[Crawled caption data]
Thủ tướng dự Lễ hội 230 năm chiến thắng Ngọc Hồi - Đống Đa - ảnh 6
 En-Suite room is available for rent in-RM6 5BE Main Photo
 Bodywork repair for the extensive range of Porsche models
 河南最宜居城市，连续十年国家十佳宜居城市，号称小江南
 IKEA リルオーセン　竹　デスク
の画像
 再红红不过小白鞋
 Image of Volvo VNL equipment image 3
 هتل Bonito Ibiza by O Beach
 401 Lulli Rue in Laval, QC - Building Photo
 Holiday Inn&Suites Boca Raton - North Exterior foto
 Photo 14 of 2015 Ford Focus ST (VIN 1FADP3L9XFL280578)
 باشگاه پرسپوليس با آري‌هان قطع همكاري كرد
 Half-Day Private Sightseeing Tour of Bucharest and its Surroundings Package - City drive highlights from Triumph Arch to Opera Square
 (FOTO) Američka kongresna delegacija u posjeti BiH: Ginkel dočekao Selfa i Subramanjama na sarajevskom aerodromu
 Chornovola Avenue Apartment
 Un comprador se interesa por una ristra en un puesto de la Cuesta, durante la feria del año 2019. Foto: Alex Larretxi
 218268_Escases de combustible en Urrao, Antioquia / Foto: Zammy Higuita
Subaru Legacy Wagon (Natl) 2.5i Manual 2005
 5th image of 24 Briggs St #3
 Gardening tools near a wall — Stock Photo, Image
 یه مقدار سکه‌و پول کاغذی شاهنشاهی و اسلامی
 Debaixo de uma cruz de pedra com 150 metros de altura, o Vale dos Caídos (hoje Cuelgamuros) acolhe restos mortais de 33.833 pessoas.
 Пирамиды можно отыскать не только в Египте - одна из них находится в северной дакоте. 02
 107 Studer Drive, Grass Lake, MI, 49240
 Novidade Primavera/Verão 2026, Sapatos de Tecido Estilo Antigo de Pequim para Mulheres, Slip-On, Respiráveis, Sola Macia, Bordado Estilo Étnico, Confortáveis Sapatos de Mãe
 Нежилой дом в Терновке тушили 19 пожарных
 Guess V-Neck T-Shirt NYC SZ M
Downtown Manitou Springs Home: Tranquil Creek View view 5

§ **TASK DESCRIPTION**
Copy all lines above where "Photo" is present.

§ **RESULT FOR THIS EXERCISE**
 En-Suite room is available for rent in-RM6 5BE Main Photo
 401 Lulli Rue in Laval, QC - Building Photo
 Photo 14 of 2015 Ford Focus ST (VIN 1FADP3L9XFL280578)
 Gardening tools near a wall — Stock Photo, Image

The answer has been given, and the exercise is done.